Nel nuovo sistema partitico, non hanno invece trovato spazio i partiti minori, che in passato si erano aggiudicati il 13% dei voti.
In questo quadro, l’AKP si attesta nello spettro politico turco come partito dominante dalla chiara tendenza conservatrice/democratica. La conferma della leadership di Erdogan si deve proprio alla combinazione dei valori conservatori e di un’agenda democratica che si propone di essere al servizio del paese nel suo complesso. Il processo evolutivo dell’AKP – da movimento islamista con una linea strettamente identitaria al cosiddetto “liberalismo post-kemalista” – non è però completo: resta infatti da sviluppare appieno quell’apertura liberale che riconosca e incoraggi le diversità, favorendo la modernizzazione del paese. In tal senso, la performance del governo non è sempre stata impeccabile nei suoi otto anni al potere: lo zelo democratico connesso al processo di adesione all’Unione Europea ha subito un pericoloso rallentamento, mentre l’AKP ha rafforzato la sua posizione di potere grazie all’elezione di Abdullah Gül alla Presidenza della Repubblica – carica a cui sembra ora puntare Edrogan. Inoltre, molti hanno osservato con preoccupazione la stretta del governo sui media al fine di controllarne l’azione, almeno indirettamente.
Intanto, l’AKP non ha agito in modo altrettanto efficace per rendere effettive le riforme previste nella sua agenda. Le principali politiche riformatrici si sono concentrate essenzialmente sulla libertà di religione e sul ridimensionamento dell’apparato kemalista, sfidando i primi quattro articoli della Costituzione – che definiscono i fondamenti della Repubblica Turca – e contribuendo così ad accrescere i timori di parte dell’opinione pubblica.
Sebbene goda di un ampio e indiscusso favore popolare, il governo di Erdogan deve ora compiere un ulteriore salto di qualità per rispondere alle grandi aspettative che ha generato. La gestione dell’economia nazionale in rapida crescita entra ora in una fase delicata, tra preoccupazioni di bilancio e disoccupazione attorno al 10%. Restano poi alte le tensioni all’interno dello spazio pubblico, legate a questioni culturali e istituzionali che andranno affrontate anche mediante compromessi con le forze all’opposizione. Infine c’è la situazione internazionale e la generale instabilità dell’area mediorientale, a cominciare dalla situazione siriana: anche questa è una sfida diretta per la credibilità di Ankara, soprattutto visto il grado di esposizione e l’attivismo della politica estera turca verso Damasco.

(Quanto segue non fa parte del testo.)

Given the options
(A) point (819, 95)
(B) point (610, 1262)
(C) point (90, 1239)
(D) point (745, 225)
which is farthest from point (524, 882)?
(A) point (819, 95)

Al suo terzo mandato, Erdogan dovrà dimostrare di essere non soltanto un abile leader politico, ma soprattutto un responsabile uomo di Stato in grado di lavorare su un terreno comune con tutte le componenti della società. I prossimi quattro anni sono quindi cruciali per il consolidamento del processo democratico e il ruolo internazionale del paese: ciò significa che anche l’opposizione dovrà attrezzarsi per formulare al meglio la propria idea di Turchia moderna. In fondo, gli esiti di queste ultime elezioni ci ricordano che la democrazia si basa su un ampio sostegno popolare, ma è l’inclinazione degli attori politici al compromesso a renderla effettiva ed efficace.